SOURCE MATERIAL:
>>>>
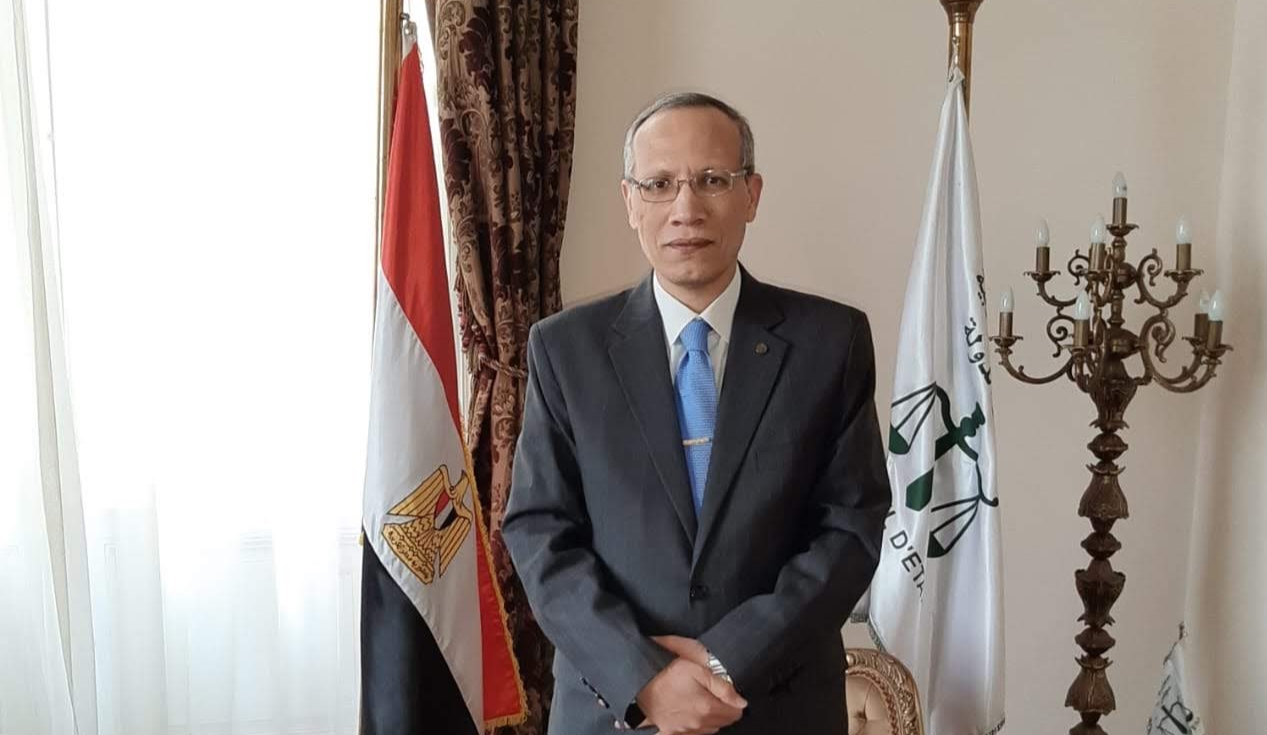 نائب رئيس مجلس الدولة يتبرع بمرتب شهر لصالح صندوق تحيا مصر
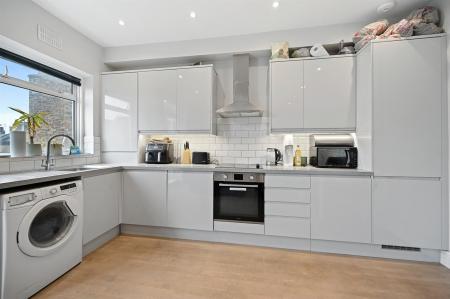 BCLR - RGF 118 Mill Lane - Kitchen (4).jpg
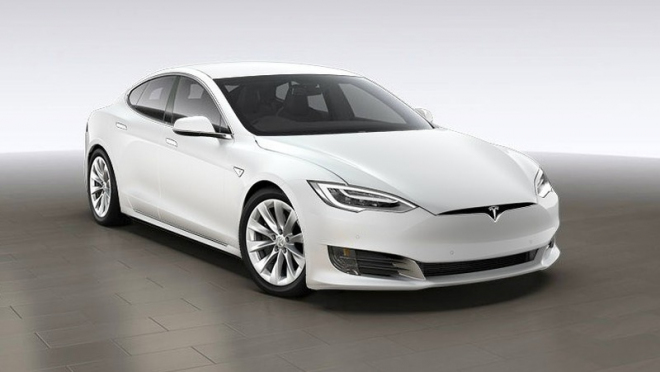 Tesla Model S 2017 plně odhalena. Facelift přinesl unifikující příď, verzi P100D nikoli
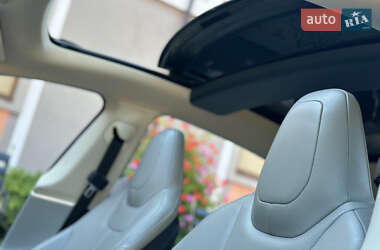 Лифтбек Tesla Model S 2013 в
<<<<
EXERCISE BRIEF: Everything in the listing above must be restated word for word, except the images.

OUTPUT BELOW:
 نائب رئيس مجلس الدولة يتبرع بمرتب شهر لصالح صندوق تحيا مصر
 BCLR - RGF 118 Mill Lane - Kitchen (4).jpg
 Tesla Model S 2017 plně odhalena. Facelift přinesl unifikující příď, verzi P100D nikoli
 Лифтбек Tesla Model S 2013 в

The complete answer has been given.